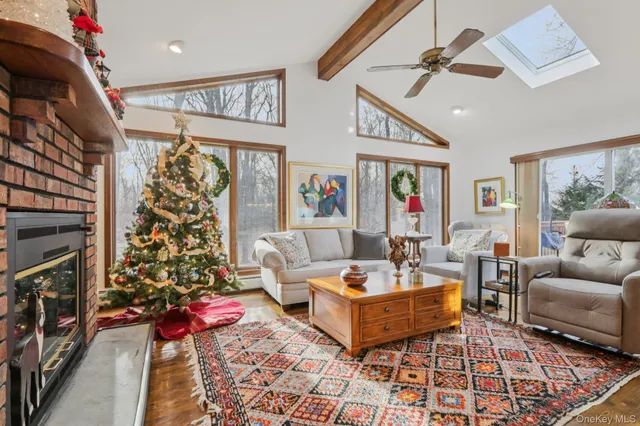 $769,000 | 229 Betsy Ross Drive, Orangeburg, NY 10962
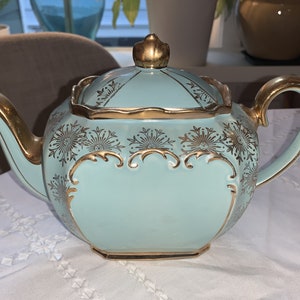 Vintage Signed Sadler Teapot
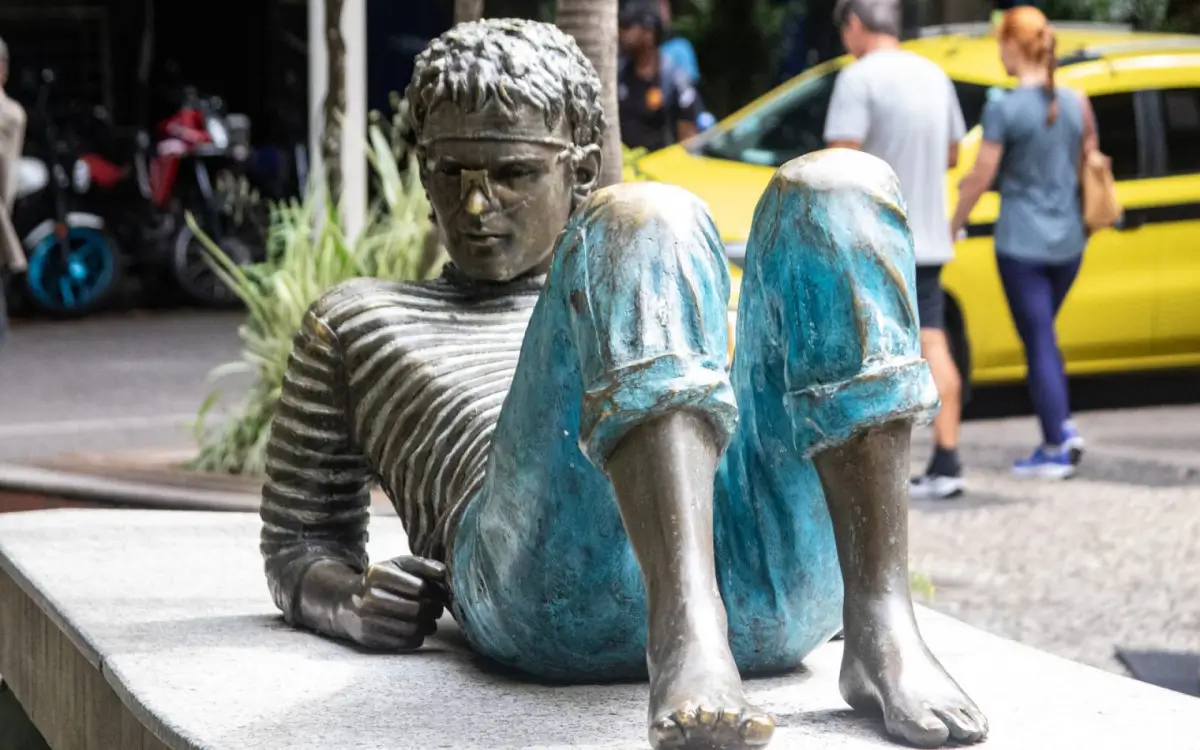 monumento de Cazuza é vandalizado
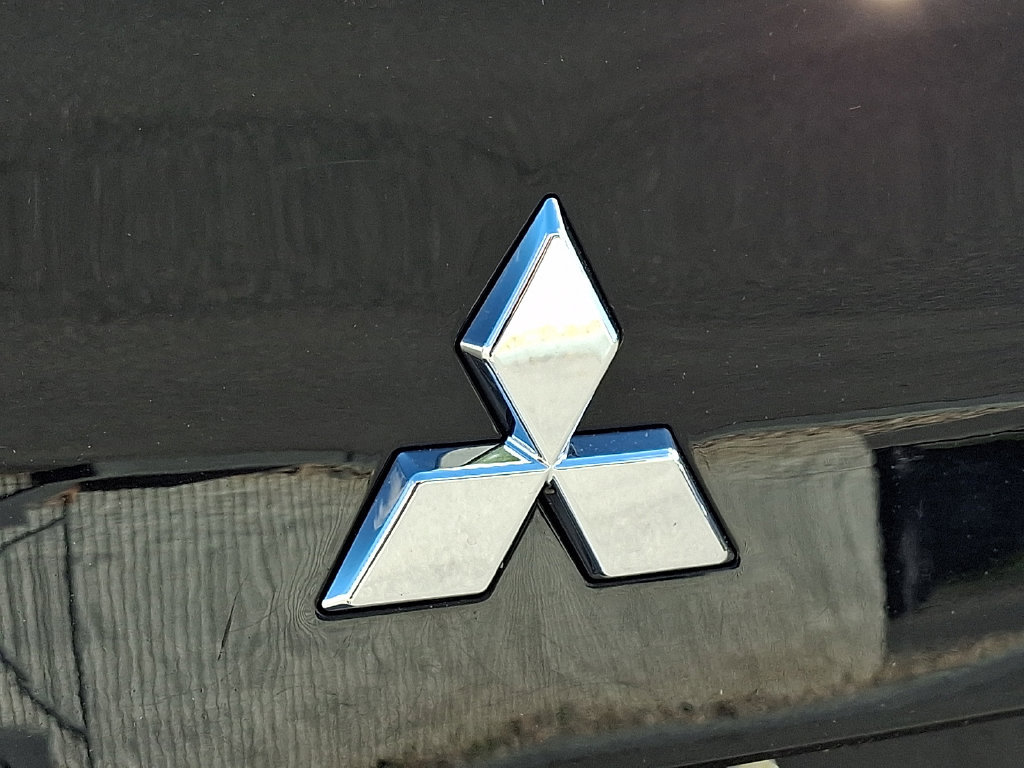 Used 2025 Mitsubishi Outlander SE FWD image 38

=-=-=

Task details:
Leaving the pictures out, print every line of the listing exactly.

Answer box:
 $769,000 | 229 Betsy Ross Drive, Orangeburg, NY 10962
 Vintage Signed Sadler Teapot
 monumento de Cazuza é vandalizado
 Used 2025 Mitsubishi Outlander SE FWD image 38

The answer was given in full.